* Excerpts from a dataset:
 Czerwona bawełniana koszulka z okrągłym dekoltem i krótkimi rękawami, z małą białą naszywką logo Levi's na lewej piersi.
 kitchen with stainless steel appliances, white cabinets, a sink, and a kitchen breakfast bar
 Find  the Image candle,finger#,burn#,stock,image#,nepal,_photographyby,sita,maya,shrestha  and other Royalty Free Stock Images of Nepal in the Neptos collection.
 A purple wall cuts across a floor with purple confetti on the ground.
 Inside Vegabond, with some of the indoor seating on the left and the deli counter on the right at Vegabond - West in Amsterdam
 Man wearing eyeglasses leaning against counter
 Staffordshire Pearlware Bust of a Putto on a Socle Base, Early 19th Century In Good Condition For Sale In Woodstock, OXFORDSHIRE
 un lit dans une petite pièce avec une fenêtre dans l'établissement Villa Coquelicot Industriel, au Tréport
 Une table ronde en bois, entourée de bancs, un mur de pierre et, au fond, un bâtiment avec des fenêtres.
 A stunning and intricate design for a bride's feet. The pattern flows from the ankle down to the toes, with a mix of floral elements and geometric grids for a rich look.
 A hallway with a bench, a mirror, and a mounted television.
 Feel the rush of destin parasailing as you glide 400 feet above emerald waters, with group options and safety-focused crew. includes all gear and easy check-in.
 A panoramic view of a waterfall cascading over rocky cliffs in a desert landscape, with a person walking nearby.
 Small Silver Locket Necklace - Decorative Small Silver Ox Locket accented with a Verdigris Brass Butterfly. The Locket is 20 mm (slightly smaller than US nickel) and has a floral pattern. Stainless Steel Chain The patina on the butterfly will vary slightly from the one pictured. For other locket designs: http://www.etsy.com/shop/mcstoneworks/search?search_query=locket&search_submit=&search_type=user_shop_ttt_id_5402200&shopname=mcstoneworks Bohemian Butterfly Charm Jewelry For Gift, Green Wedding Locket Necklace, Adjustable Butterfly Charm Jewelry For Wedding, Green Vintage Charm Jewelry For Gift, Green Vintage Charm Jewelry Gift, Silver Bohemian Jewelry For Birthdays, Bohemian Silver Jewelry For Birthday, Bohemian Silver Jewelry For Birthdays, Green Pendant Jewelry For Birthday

* Work to be completed: Your answer must be a single number: the count of lines above that hold the word "avec".

* Solution to this task: 2